The person giving the gift, present, share, percentage or benefit referred to in subparagraphs (b) and (c); or offering or giving to the public officer the employment mentioned in subparagraph (d); or urging the divulging or untimely release of the confidential information referred to in subparagraph (k) of this section shall, together with the offending public officer, be punished under Section nine of this Act and shall be permanently or temporarily disqualified in the discretion of the Court, from transacting business in any form with the Government.
Section 4. Prohibition on private individuals.
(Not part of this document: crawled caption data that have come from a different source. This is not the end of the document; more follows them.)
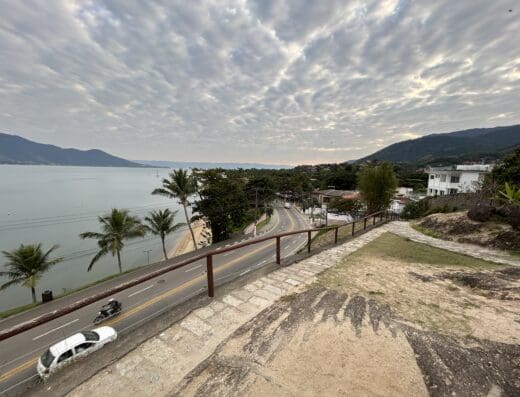 Mirante do Morro da Cruz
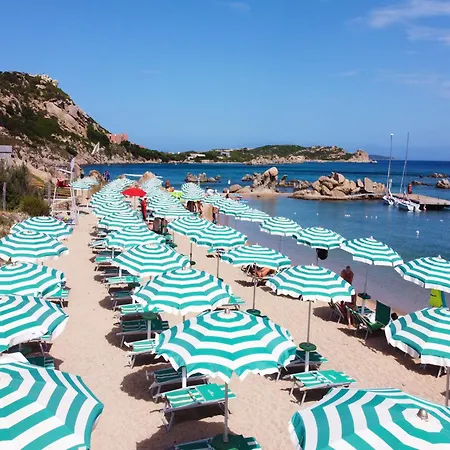 Touring Club Italiano - 3*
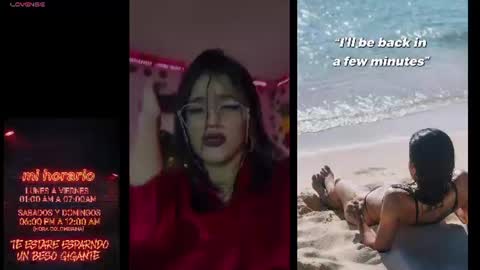 Dakko online show from July 28, 11:17 am
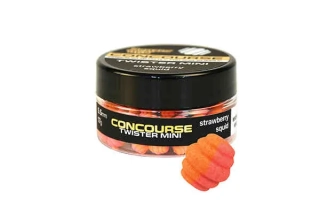 Benzar Mix Concourse Twister Mini Strawberry Squid 5,5mm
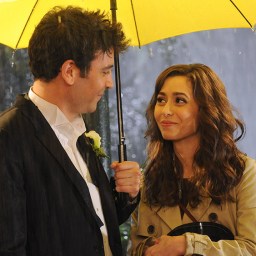 How I met your mother?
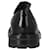 Alexander McQueen Stringate con Suola Rigata 'Nero' - vista 3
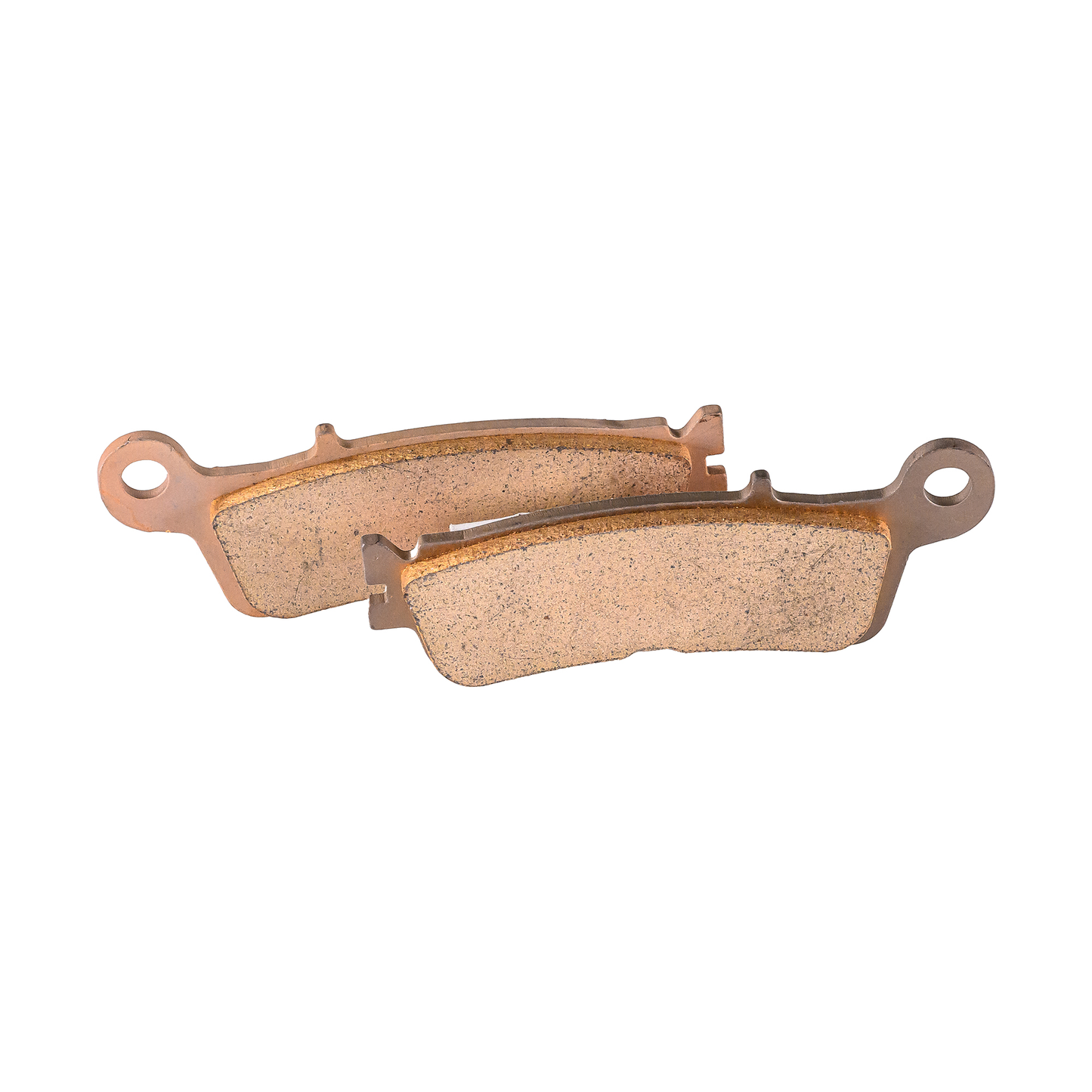 RFX RaceFX Pro Series Front Brake Pads for Yamaha and Fantic Models (Part Number FXBP 40500 99CP)
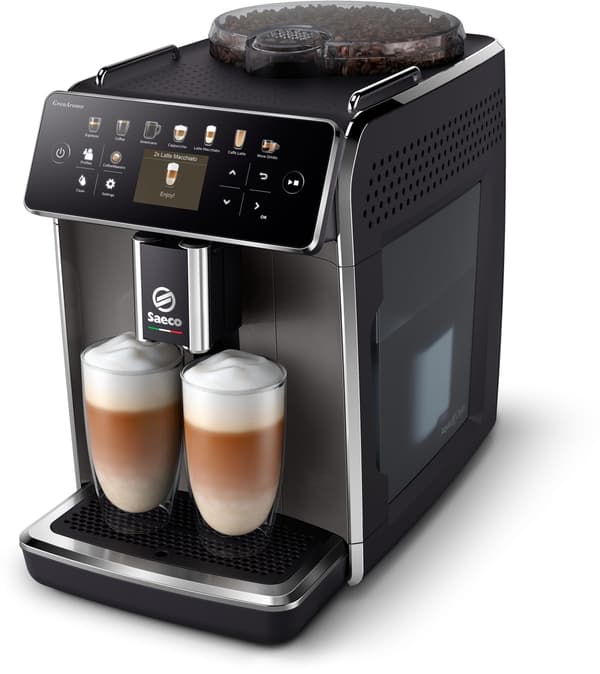 Trykkoger SAECO GRANAROMA SM6582/10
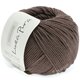 Lana Grossa WAKAME Uni/Print (Linea Pura) | 005-brun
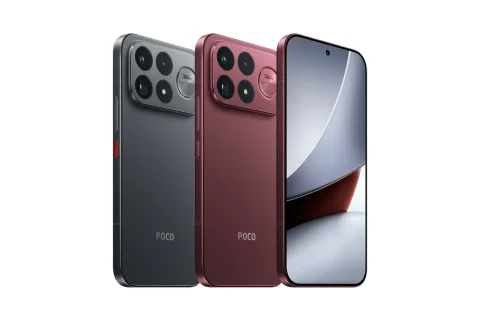 POCO F9 Ultra (תמונה: POCO)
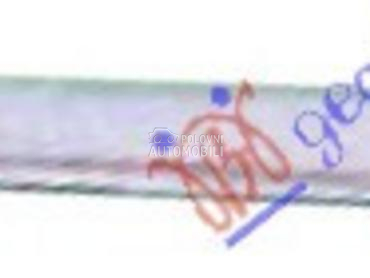 LAJSNA ZADNJIH VRATA Desno za Mercedes Benz C Klasa od 1993. do 1999. god.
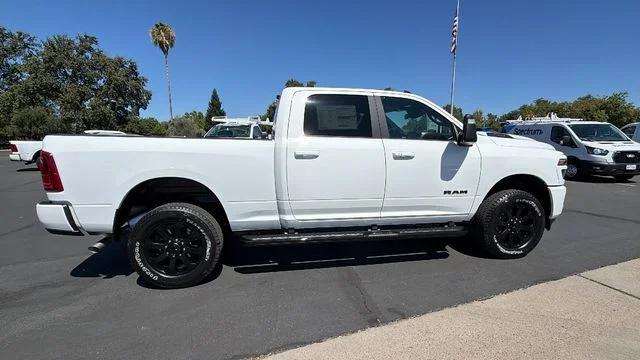 2026 RAM Ram 2500 RAM 2500 LARAMIE CREW CAB 4X4 64 BOX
— (a) It shall be unlawful for any person having family or close personal relation with any public official to capitalize or exploit or take advantage of such family or close personal relation by directly or indirectly requesting or receiving any present, gift or material or pecuniary advantage from any other person having some business, transaction, application, request or contract with the government, in which such public official has to intervene. Family relation shall include the spouse or relatives by consanguinity or affinity in the third civil degree. The word “close personal relation” shall include close personal friendship, social and fraternal connections, and professional employment all giving rise to intimacy which assures free access to such public officer.
(b) It shall be unlawful for any person knowingly to induce or cause any public official to commit any of the offenses defined in Section 3 hereof.
Section 8. Prima facie evidence of and dismissal due to unexplained wealth.
— If in accordance with the provisions of Republic Act Numbered One thousand three hundred seventy-nine, a public official has been found to have acquired during his incumbency, whether in his name or in the name of other persons, an amount of property and/or money manifestly out of proportion to his salary and to his other lawful income, that fact shall be a ground for dismissal or removal. Properties in the name of the spouse and dependents of such public official may be taken into consideration, when their acquisition through legitimate means cannot be satisfactorily shown. Bank deposits in the name of or manifestly excessive expenditures incurred by the public official, his spouse or any of their dependents including but not limited to activities in any club or association or any ostentatious display of wealth including frequent travel abroad of a non-official character by any public official when such activities entail expenses
evidently out of proportion to legitimate income, shall likewise be taken into consideration in the enforcement of this section, notwithstanding any provision of law to the contrary. The circumstances herein above mentioned shall constitute valid ground for the administrative suspension of the public official concerned for an indefinite period until the investigation wealth is completed. (As amended by BP Blg., 195, March 16,
Section 9. Penalties for violations.
— (a) Any public officer or private person committing any of the unlawful acts or omissions enumerated in Sections 3, 4, 5 and 6 of this Act shall be punished with imprisonment for not less than six years and one month nor more than fifteen years, perpetual disqualification from public office, and confiscation or forfeiture in favor of the Government of any prohibited interest and unexplained wealth manifestly out of proportion to his salary and other lawful income. Any complaining party at whose complaint the criminal prosecution was
initiated shall, in case of conviction of the accused, be entitled to recover in the criminal action with priority over the forfeiture in favor of the Government, the amount of money or the thing he may have given to the accused, or the fair value of such thing.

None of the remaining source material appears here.